Une des femmes interrogées a fait valoir que « la plupart des femmes qui portent plainte le font pour la même raison que moi: pour arrêter l’agresseur. Elles ne veulent pas être obligées de se soumettre au système judiciaire pour pouvoir le faire ». C’est pourquoi certaines femmes ont dit qu’il devrait exister une autre façon pour elles de venir raconter leurs histoires. L’une d’elles a proposé la création d’un mécanisme de remplacement qui permettrait aux femmes de fournir des preuves de leur agression et de confronter leur agresseur en présence d’un agent de police et d’un travailleur social (pour assurer leur sécurité physique et émotive).

On a demandé à toutes les femmes qui ont participé à l’enquête ce qu’elles aimeraient changer dans la façon dont le système de justice pénale traite les affaires d’agression sexuelle.
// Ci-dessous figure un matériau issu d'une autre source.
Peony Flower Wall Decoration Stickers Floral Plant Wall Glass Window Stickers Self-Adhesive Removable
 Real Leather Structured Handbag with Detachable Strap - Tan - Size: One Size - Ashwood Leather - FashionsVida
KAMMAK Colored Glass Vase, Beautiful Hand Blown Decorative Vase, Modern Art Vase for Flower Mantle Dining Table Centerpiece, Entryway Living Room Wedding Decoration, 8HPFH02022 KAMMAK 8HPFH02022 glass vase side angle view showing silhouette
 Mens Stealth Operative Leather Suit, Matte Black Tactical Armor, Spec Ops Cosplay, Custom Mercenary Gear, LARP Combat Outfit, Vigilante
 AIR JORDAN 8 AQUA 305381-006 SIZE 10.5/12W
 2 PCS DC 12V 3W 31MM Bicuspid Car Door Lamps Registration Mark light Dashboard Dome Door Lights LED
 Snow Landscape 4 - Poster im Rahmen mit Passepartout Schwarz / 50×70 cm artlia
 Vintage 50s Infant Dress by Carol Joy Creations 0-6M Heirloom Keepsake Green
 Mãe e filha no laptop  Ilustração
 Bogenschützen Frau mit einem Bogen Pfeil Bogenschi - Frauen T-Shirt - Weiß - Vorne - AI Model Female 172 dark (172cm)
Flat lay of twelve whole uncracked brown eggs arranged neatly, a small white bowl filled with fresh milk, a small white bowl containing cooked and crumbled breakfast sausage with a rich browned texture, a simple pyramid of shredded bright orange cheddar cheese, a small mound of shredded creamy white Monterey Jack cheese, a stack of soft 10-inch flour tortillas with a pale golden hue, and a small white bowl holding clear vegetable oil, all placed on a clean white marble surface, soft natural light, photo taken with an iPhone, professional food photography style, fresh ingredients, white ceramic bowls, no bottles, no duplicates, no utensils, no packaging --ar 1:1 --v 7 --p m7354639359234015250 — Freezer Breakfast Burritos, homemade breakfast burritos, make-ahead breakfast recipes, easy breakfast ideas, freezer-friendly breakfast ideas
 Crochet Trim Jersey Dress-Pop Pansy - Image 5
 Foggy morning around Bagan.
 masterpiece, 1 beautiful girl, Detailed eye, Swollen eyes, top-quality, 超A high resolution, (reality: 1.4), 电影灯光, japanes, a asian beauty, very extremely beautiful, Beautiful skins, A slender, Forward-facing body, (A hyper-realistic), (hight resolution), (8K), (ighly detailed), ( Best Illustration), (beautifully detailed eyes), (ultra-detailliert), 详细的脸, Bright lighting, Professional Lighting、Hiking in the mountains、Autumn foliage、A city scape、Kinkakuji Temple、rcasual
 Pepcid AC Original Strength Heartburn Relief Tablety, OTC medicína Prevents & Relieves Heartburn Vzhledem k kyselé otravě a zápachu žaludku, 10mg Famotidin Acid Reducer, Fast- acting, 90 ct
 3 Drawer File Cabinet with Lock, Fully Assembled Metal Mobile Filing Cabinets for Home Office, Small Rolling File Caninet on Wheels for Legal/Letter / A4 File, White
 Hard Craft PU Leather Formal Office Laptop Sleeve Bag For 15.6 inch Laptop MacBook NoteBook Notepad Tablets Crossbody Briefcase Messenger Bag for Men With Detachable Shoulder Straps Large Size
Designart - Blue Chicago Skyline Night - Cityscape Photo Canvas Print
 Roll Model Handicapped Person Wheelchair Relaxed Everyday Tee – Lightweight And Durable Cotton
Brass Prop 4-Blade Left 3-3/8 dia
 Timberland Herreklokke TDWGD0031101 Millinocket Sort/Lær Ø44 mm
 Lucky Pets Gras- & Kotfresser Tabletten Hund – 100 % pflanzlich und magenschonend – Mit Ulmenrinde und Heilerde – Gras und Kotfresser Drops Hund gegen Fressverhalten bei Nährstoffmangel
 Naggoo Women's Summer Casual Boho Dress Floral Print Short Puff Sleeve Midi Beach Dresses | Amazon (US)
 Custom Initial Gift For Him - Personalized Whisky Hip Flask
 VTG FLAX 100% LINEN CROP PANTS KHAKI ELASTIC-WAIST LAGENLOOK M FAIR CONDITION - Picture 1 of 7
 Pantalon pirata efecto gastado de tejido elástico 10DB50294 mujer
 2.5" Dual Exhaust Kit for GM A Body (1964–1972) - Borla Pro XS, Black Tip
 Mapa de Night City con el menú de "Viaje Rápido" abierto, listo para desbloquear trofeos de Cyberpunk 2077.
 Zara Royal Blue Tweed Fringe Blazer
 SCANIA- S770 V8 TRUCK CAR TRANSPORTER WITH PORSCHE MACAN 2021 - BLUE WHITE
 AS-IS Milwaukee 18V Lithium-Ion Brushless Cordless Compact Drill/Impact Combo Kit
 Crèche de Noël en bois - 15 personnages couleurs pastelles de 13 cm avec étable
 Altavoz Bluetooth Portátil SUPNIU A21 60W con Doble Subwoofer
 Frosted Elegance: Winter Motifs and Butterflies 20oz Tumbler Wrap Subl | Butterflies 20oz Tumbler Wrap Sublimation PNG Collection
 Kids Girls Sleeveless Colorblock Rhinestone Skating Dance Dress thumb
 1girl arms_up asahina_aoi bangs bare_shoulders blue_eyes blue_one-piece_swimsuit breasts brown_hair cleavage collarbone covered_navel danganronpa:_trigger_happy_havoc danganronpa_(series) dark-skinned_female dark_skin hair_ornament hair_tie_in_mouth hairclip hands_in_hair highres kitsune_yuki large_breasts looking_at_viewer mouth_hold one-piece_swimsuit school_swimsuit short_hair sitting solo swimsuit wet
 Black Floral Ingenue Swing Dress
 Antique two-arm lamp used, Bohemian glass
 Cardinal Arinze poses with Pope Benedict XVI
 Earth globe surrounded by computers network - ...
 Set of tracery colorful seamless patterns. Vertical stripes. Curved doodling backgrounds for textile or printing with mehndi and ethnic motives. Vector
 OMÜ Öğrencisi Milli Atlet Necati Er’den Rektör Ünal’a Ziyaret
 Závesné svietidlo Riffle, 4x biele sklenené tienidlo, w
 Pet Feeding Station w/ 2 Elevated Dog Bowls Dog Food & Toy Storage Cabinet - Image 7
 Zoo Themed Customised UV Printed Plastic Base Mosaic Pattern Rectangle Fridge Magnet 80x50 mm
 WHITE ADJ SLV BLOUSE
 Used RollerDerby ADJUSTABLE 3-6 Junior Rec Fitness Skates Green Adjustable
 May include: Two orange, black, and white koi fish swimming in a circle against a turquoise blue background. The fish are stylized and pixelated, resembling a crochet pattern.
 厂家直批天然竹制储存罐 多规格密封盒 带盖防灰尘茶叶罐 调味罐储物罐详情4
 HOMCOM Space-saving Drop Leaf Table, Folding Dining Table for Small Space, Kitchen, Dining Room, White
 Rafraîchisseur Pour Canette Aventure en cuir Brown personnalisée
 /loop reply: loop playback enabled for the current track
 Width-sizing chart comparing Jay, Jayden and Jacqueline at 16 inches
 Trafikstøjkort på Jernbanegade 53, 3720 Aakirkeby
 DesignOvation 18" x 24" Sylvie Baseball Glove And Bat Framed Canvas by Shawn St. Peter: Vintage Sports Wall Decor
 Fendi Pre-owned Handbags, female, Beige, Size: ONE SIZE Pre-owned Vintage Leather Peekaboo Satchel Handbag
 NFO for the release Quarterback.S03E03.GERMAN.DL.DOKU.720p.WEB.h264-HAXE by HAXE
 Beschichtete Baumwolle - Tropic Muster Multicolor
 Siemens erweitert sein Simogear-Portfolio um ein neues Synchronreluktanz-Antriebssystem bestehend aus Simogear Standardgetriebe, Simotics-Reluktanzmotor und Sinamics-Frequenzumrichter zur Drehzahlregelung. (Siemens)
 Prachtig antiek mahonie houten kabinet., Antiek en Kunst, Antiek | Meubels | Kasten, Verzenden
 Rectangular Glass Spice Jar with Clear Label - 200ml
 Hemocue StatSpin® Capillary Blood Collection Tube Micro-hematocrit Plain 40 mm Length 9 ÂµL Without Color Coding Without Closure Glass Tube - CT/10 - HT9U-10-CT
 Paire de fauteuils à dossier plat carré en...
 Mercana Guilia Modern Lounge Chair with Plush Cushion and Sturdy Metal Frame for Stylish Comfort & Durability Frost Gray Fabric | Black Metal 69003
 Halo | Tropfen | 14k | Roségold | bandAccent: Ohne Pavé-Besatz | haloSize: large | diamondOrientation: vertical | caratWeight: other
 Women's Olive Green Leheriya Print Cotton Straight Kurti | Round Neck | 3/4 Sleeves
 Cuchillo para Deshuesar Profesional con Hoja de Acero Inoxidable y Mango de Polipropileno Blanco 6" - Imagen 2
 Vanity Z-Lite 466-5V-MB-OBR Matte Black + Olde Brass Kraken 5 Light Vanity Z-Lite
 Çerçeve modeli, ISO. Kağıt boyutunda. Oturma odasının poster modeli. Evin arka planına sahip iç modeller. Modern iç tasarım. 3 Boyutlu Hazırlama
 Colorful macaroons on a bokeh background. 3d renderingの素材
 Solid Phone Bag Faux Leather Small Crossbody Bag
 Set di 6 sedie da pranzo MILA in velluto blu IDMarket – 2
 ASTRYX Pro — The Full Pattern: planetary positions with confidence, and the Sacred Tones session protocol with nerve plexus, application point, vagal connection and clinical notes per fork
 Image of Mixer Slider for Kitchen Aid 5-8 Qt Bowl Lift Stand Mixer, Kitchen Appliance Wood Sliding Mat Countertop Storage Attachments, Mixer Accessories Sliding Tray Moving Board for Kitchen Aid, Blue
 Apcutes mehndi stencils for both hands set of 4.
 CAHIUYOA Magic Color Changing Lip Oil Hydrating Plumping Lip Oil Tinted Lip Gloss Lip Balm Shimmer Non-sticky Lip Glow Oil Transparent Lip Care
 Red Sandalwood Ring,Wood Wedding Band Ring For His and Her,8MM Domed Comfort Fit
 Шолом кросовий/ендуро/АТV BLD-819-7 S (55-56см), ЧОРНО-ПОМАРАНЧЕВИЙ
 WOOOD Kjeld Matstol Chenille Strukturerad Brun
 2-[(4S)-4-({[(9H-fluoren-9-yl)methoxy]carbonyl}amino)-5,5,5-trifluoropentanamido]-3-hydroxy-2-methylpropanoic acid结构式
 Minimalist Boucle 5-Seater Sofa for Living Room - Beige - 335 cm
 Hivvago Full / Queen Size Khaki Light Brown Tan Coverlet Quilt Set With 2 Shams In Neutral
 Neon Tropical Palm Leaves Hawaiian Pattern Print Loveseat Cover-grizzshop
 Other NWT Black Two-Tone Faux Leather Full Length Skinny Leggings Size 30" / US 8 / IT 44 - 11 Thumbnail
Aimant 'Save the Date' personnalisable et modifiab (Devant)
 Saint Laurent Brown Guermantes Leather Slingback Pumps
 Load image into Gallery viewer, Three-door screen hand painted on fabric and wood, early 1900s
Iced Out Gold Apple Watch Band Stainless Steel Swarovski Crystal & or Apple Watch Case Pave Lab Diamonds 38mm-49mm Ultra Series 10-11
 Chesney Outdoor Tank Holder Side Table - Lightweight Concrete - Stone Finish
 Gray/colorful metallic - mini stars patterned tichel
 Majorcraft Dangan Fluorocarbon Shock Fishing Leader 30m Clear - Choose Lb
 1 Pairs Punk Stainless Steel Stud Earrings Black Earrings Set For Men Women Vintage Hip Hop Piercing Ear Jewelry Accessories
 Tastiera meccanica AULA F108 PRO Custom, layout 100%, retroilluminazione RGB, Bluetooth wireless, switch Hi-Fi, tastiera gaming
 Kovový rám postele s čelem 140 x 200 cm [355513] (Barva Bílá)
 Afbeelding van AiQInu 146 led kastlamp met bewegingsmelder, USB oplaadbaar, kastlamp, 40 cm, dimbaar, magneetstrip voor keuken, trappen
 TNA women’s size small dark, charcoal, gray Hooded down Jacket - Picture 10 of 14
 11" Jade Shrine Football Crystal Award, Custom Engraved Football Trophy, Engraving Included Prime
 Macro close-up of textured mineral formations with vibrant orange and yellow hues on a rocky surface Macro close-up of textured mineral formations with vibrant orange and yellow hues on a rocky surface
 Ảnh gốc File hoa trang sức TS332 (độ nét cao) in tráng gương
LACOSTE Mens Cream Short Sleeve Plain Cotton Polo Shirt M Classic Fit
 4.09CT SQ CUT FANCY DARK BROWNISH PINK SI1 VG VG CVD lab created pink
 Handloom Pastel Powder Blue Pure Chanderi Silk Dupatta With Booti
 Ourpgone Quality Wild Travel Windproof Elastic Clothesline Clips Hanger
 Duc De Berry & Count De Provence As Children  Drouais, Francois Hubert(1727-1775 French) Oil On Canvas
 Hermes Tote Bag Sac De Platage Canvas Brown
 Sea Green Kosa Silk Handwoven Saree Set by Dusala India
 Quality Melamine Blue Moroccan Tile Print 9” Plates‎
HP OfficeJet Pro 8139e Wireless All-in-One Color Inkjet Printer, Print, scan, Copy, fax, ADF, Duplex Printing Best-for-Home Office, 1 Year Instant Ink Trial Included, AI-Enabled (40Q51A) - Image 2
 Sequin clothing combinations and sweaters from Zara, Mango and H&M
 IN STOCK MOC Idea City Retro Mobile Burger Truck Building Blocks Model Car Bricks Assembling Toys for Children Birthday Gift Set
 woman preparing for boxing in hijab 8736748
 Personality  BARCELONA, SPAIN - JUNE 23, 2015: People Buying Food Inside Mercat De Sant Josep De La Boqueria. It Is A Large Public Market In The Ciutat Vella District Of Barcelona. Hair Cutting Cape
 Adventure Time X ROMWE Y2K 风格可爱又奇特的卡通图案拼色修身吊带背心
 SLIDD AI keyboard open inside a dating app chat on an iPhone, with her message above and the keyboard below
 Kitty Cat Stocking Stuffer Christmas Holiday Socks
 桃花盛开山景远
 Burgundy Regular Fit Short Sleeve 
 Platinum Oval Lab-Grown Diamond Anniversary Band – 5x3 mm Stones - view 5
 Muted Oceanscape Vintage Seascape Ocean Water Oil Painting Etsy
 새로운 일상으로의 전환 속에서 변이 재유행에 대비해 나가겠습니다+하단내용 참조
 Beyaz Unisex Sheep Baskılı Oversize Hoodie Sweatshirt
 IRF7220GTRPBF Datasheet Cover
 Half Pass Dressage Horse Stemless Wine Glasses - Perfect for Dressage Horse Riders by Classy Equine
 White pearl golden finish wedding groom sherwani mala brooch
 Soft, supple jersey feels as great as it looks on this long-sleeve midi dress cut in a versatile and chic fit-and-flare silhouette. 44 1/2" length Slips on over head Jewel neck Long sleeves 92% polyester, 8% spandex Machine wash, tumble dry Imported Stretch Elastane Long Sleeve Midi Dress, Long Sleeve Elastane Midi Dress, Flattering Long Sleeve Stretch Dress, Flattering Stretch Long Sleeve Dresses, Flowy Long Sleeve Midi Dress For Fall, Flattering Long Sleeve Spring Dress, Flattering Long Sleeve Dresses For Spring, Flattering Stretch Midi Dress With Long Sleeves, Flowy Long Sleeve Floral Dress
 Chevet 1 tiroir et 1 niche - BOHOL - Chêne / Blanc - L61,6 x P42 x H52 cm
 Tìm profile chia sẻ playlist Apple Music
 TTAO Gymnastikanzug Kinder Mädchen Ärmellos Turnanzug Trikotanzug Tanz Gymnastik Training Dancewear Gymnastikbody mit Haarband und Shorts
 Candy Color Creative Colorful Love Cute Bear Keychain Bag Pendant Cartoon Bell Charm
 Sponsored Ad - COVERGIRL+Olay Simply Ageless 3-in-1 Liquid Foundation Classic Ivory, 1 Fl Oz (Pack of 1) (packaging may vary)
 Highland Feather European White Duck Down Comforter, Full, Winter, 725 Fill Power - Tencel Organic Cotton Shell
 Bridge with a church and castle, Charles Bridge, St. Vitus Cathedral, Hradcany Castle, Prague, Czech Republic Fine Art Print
Les 99 femmes qui ont répondu ont donné 296 réponses au total. Celles-ci sont résumées au schéma 10.1.

Schéma 10.1 - Propositions de changements au système de justice pénale

Schéma 10.1 - Propositions de changements au systeme de justice penale
[Description]

Six des participantes ont été brèves et directes, faisant valoir que la façon dont le système de justice pénale traitait l’agression sexuelle devait faire l’objet d’une « réforme complète ». Elles ont fait les remarques suivantes: « Ce n’est pas seulement un point qui ne fonctionne pas, c’est l’ensemble »; « C’est un club privé de vieux garçons. Il n’est pas conçu pour les femmes »; « Il faut que le système de justice pénale soit mis à jour pour répondre aux besoins de tous, pas seulement des hommes » et « Il faut que ce système cesse d’être une institution mâle et qu’il devienne plutôt un endroit où il est possible d’obtenir justice ».

Les autres participantes ont mentionné un certain nombre de domaines précis où il fallait, selon elles, apporter des changements. La plupart des propositions concernaient l’amélioration de l’intervention du personnel du système de justice pénale, des travailleurs sociaux et des professionnels de la santé auprès des femmes survivantes, victimes ou témoins d’agression sexuelle.